Locate the line containing "BX-816 плотно прилегающие" in the entries below, then retype it and every later line exactly, leaving out pictures.

Caption-style text data:
++++++++

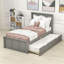 Lit plateforme simple avec lit gigogne-907391963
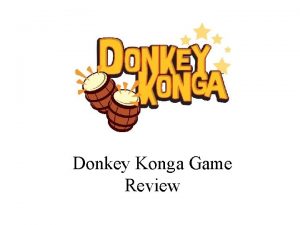 Donkey Konga Game Review Basic Game Information Review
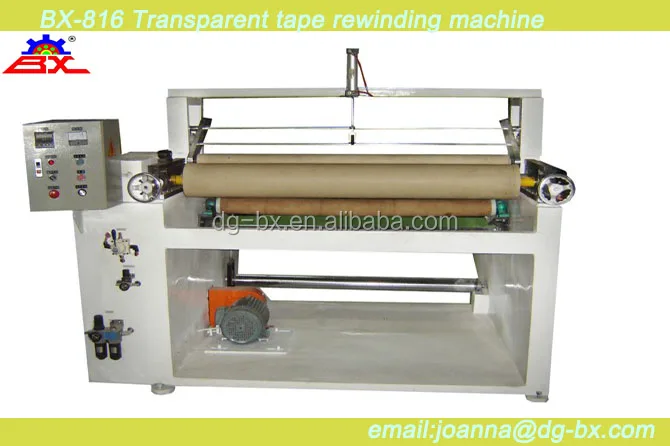 BX-816 плотно прилегающие к уху, супер чистый перемоточная машина/малярная лента rewiding машина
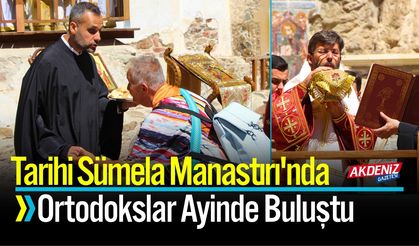 Tarihi Sümela Manastırı'nda Ortodokslar Ayinde Buluştu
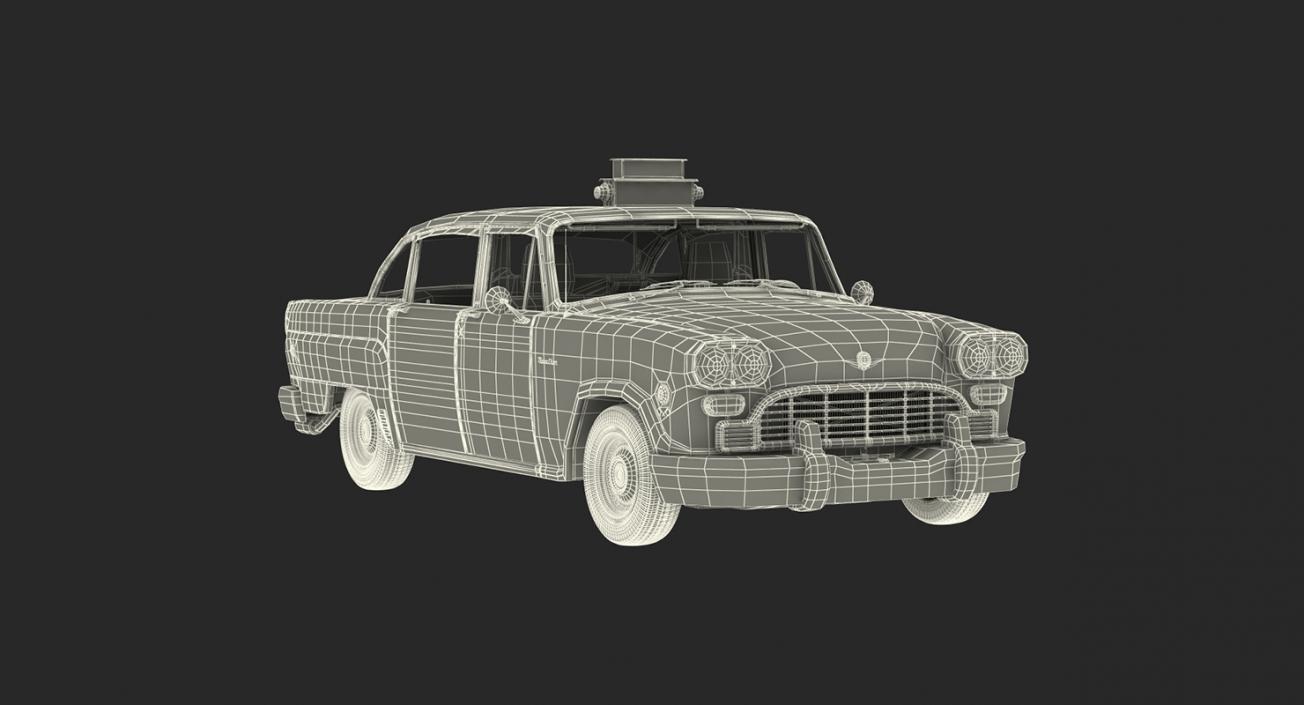 3D NYC Checker Cab Rigged Collection model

++++++++

Exercise response:
 BX-816 плотно прилегающие к уху, супер чистый перемоточная машина/малярная лента rewiding машина
 Tarihi Sümela Manastırı'nda Ortodokslar Ayinde Buluştu
 3D NYC Checker Cab Rigged Collection model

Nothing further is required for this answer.